May, 2009

The On-Going Responsibility: Cleaning the Flag

Nicaragua is on my mind, as several SLU students prepare to work there this summer. Recently, I’ve been reading a lot of the works of Brazilian bishop Pedro Casaldáliga, who visited Nicaragua in 1985 during the terrorist contra war. There, he engaged in what he called the ministries of the border and of consolation. His reflection on these ministries: “The visits and the contact are a comfort to all of us and make us like brothers and sisters. I’ve always thought informal visits, with a little faith and human affection, are the most effective kind of pastoral activity.” He kept a journal of his experiences, which included the following poem.

To Reagan

Pedro Casaldáliga

You are being excommunicated by me and the poets, the children, the poor of the land:
Pay attention!
We’ve got to see the world in human terms.
Don’t play Nero.
This isn’t a movie, you screen monkey:
You’re the leader of a great nation!
(I will tell your people to clean off forever
The shit your cowboy boot has tracked over your flag.
And I will tell them, when they vote,
To realize that they may be selling much blood and their own honor!)
You may have inebriated the world with Coca-Cola,
But there is still someone lucid enough to tell you “No!”
The profits and power of your weapons
Cannot be valued above
The feverish wail
Of a little black child.

Empires no longer suit the race of human beings.
Listen, Reagan: the sun
Rises as sun for everyone
And the same God rains
Over every life God has invited to the celebration.

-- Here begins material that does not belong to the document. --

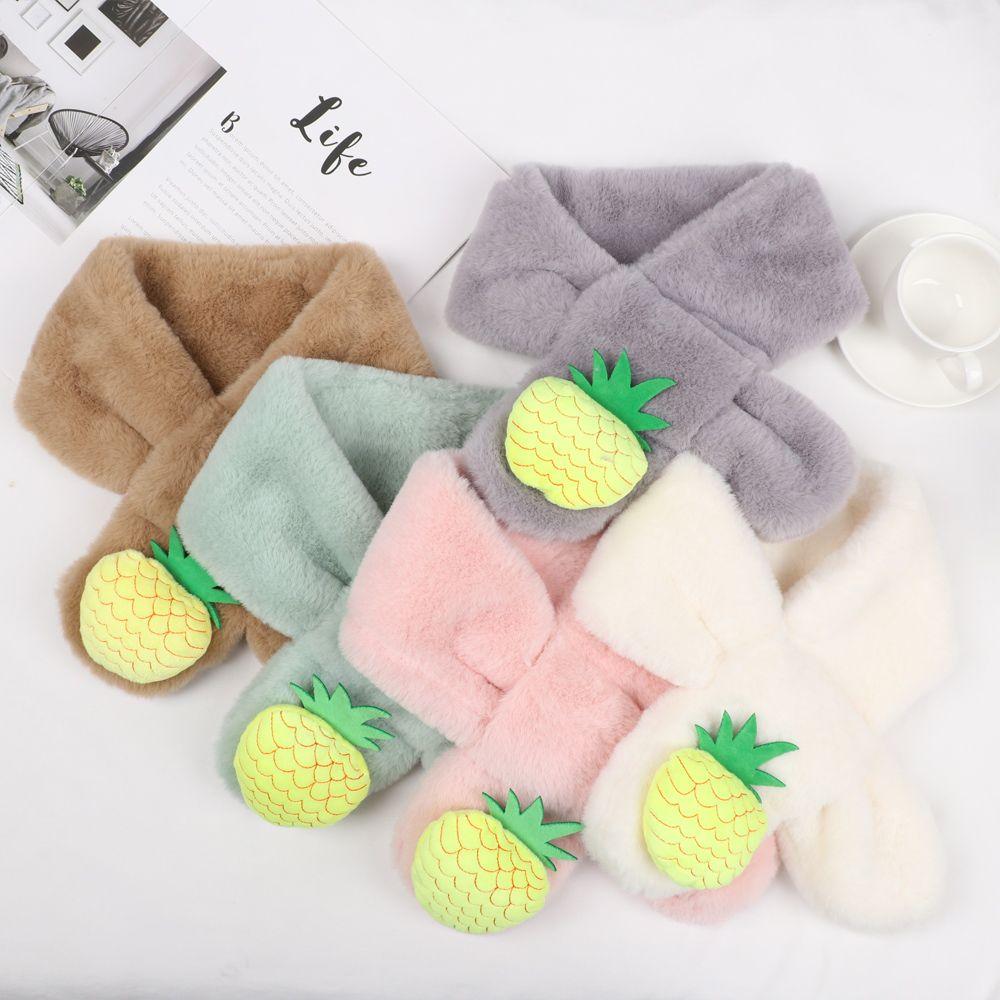 Мальчики Девочки Сохраняйте тепло Воротник Утолщение Детские Шарфы Шейный платок Шарф для малышей Детские Шали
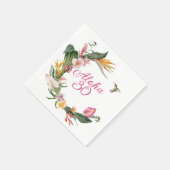 Aloha Tropical Birthday Serviette (Ecke)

No people is the greatest.
Stay in your own backyard.
Respect us.

Rachel has found you out, Herod,
And you will have to answer for her desolation.

Sandino’s star
Is waiting for you in the hills
And in the volcano a single heart awakes:
Like a sea of indignation little girl Nicaragua
Will smash your aggression.

The blood of the martyrs holds up our arms
And becomes song and fountains in our mouths.
You have never seen the hills, Reagan,
Nor have you heard in their birds the voice of the voiceless.
You know nothing of life,
And do not understand the song.

Don’t come to us with your hypocritical morality,
You mass murderer, you’re aborting a whole people and its revolution.
The lie you try to pass off to the world (and to the pope)
Is the worst drug.
You are showing Freedom (in an exclusive screening)
While you block the way to Liberation.

“The United States is powerful and mighty.”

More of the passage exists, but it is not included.